I'd like to be optimistic because I think Hybels hits the nail on the head with the problem...people are relying on the church too much and not learning how to grow on their own. But, the solution to the problem - a health club style discipleship program? - seems like more of the same to me.

4 comments:

S.D. Smith said...

Yessir. Good job. Is anyone out there still really trying to defend the Church Growth movement on grounds that it is either biblical, or effective?

I think that in both of those areas, the failure of the faddish Church Growth movement has been fairly well demonstrably lacking.

I recently read an article where a leader of the "worship movement" (the idea that we sing cool worship-ish songs in large part in order to bring in, and make to feel comfortable, or seem attractive to, the so-called 'un-churched') was saying how she was giving up on it, due to it's lack of success, not only of not drawing worshipers attention to the God who is there, the God of the Bible, but it was also not resulting in un-churched people being reached. It was just transfering people from smaller churches to hipper, larger churches. And many of us have seen this, or somethign like it, first hand.

A good question is what do we do Post-Church Grwoth, as many are now coming to understand the weakness of that fad. And you deal with it well in your post. What do we do now? Do we start another "new, exciting, innovative" PROGRAM? Or do we go back to the Word?

Many of us (if not all of us, I know I am) are so ingrained with modern evangelicalism's methodology that we have trouble seeing in the Bible what is there, without our sub-cultural lense. Of course that problem applies in all areas, not just how to "do church." But it's pretty foundational, of course.

Of course Church Growth is a sinking ship, and really all the Fad-driven stuff likewise, and it appears the Emergent solutions are even worse. So what now?

I see hopeful things, but the landscape can be difficult and I hardly trust myself, with all the errors around.

Maybe you could post on solution-oriented ideas. Maybe I could. What's right to do?

Great blog. Keep it up.

Anonymous said...

That's what happens when you decide to run a church as a business. The latter always becomes the more important aspect, and the Gospel is crowded out by expense reports.

Jesus had good reason to throw the money-changers out of the temple.

Hamlet said...

Jimmy (GOSH)(Josh),

I have a felt need that needs scratched. Let's survey everyone who has an itching ear (like me) and find out what to do in our church.

What about this is perverted?

ANSWER: Everything.

Let's look primarily to the Bible for our practice.

Can he be serious that "scientific" focus groups give us the data that we need to be holy?


My 13 y/o daughter understands that we search the scripture, not our primarily seeker audience for truth.

It is a case of "what I like"ism that prevades our culture with its this is "way not cool."

What we need is people who examine the scripture, examine themselves, examine each other in light of what the bible says about life, not "if it feels good do it."

The purpose, seeker driven church has failed us.
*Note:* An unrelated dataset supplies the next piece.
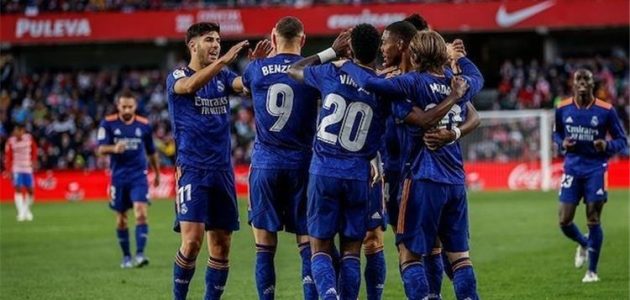 آس:-لاعب-خامس-على-أعتاب-الرحيل-عن-ريال-مدريد - يلا شوت | Yalla Shoot | يلا شوت لايف | yalla shoot live | yalla shoot tv آس:-لاعب-خامس-على-أعتاب-الرحيل-عن-ريال-مدريد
Many of us feel it's demise all too painfully. We placed our hopes in this "man driven craze." I'm sorry. May we avoid the next fad who takes us captive.

Hamlet 2

Joshua said...

I think problems exist when a church gets big enough that they don't understand their culture anymore. Surveys are great in some respects, but they imply an impersonalness...for example, I don't need to give a survey to my wife to see what the culture is like in my home. Similarly, I have a good feel on the culture of my weekly small group...I can tell what the atmosphere is like without handing out a sheet of questions.

I think a big chunk of the problem in this mega-church scenario is that they are too big to understand their church culture. It seems a little silly to think that the 3-4 minutes it takes to fill out a survey offers a shortcut that 3-4 year relationships typically provide.

Of course, this all implies a "give 'em the benefit of the doubt" attitude that assumes the surveys and statistics are intended to help them understand how to state the message in a culturally relevant way...as opposed to surveys so they can understand how to modify the message for the sake of the hearers...either way, I think there's trouble.